Is such a thing only for the saints and the heroes? Or is there some way that we, too, might travel up to the Mountaintop? 

I think there is, and St. Paul helped me see it this week in his letter to the Philippians. 

It’s interesting, in this passage we heard today, Paul sounds a lot like Dr. King; he, too, seems to possess a peace and a hope even as he is suspended between the possibility of life or death. He says,

I do not know which I prefer. I am hard pressed between the two: my desire is to depart and be with Christ, for that is far better; but to remain in the flesh is more necessary for you.

Whatever else we might say about Paul, we know that he was a passionate person, deeply engaged in the life of the world. But death was on his mind, because he likely wrote this letter from prison in the final years of his life. He was put there by the Roman authorities, and while it was his ardent desire to be reunited with the various faith communities he had founded, there was surely a part of him that knew his chances of doing so were slim. 

Like Dr. King, he was a man hunted. But also like Dr. King, he was a man haunted by possibility, who had glimpsed something on the proverbial mountaintop. He had glimpsed something and he insisted that what he had seen, what drove his entire mission, was not for a select group of wise or superhuman people, but for everyone, everywhere. It was the key to his hope, his peace, and his courage.

What was it? 

Well, it was Jesus, of course, but more specifically, it was the revelation that in Jesus and through Jesus, God’s wants us to know that we are in this together. You and me and God and everyone else, we are in this together. We don’t have to face this alone. We are one people. We are one creation, redeemed by the one Living God. We are part of one story, and it is a good story, a story that begins in love and ends in love. 

And though we are diverse, and though we each face our own choices and challenges and fears in each generation, it is this essential unity that holds us, that sustains us, and that places upon us the responsibility of caring for one another, loving our neighbor as ourselves, because fundamentally they are.

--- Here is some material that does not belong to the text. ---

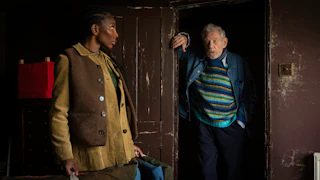 An episodic image of Michaela Coel as Lori Butler and Ian McKellen as Julian Sklar in the film The Christophers.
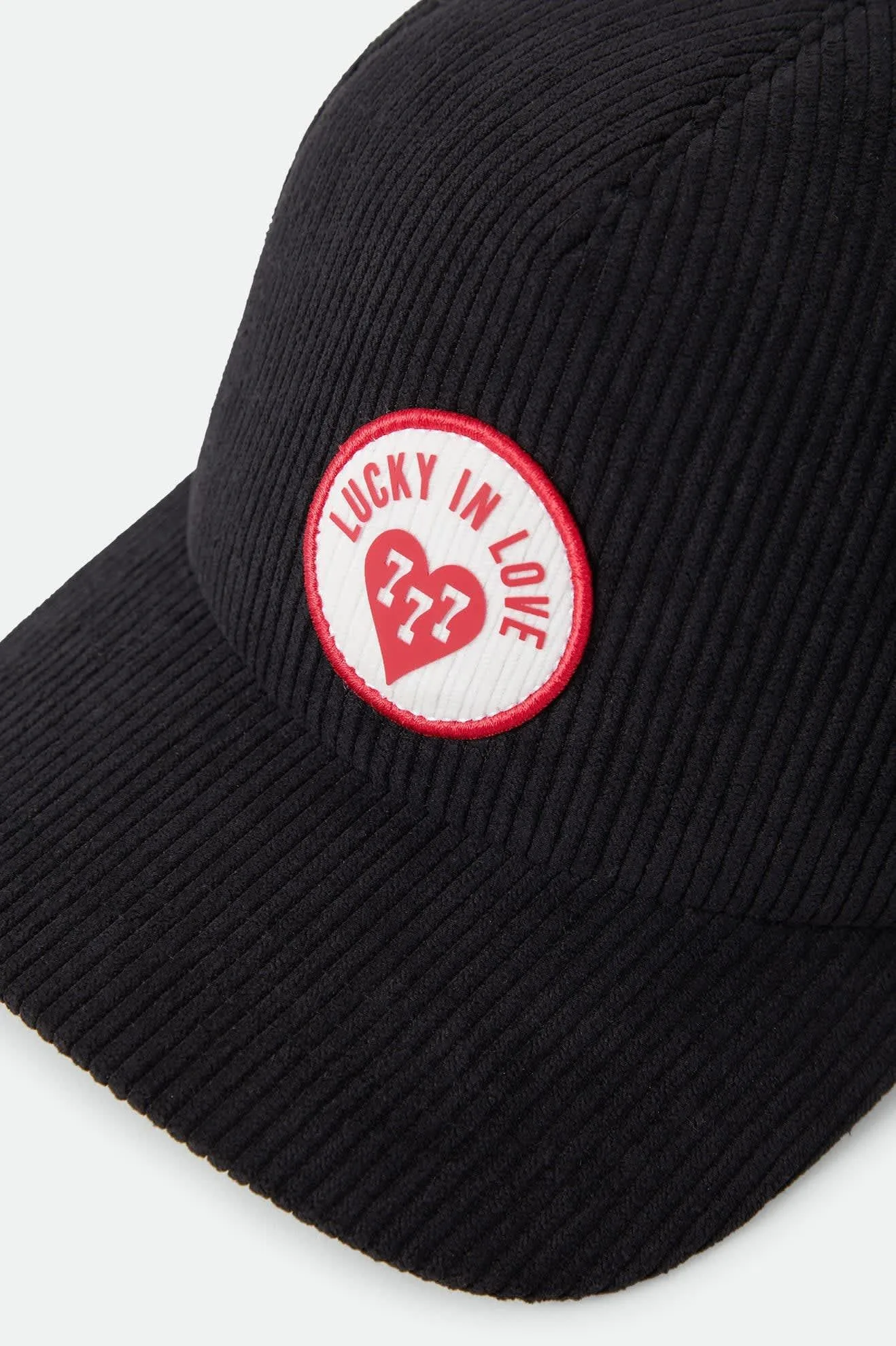 Lucky In Love Trucker Hat – Black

And although they don’t state it explicitly, what you will notice beneath the words of Dr. King and beneath the words of St. Paul is that they are able to face those big, frightening things, those questions of life and death and loss and hope, simply because they knew, deep down, that whatever happened, God would not abandon them nor would God abandon the story that has begun. 

And when you know you aren’t alone, then you can face anything. That’s why we come here week after week. That’s why we keep challenging ourselves to build more fully the Beloved Community. That’s why we pray for each other and lean on each other through good times and bad, all the way to the end.

You, and me, and everyone we’ve ever loved, and everyone we’ve ever hated, and everyone we’ve ever lost, and everything that has ever been and the God who made it all—we’re in this together. And that’s it. That’s the Mountaintop. That’s the simple, world-changing, heart-transforming truth that sustains the saints but is also available to every single one of us, even in our anxieties. And even when we face death.

Catching a glimpse of the promised land is not a private revelation for the few—it’s everywhere. It’s as close as looking in your neighbors face and realizing: we belong to one another. It’s as close as looking down at the earth and realizing: we belong to one another. It’s as close as listening to God in the still moments and in the frightening moments and hearing God say to you: we belong to one another. In life, and in death, and beyond, we belong to one another. 

Let’s keep building up a community here at Saint Anne where that is what it means to be the church. Let’s keep discovering what it means to belong to one another, and then to go out into the world and discover that ultimately we belong to everything. Maybe, if we do, we too will say, even at the end of our days:

Mine eyes have seen the glory of the coming of the Lord. And I’m happy.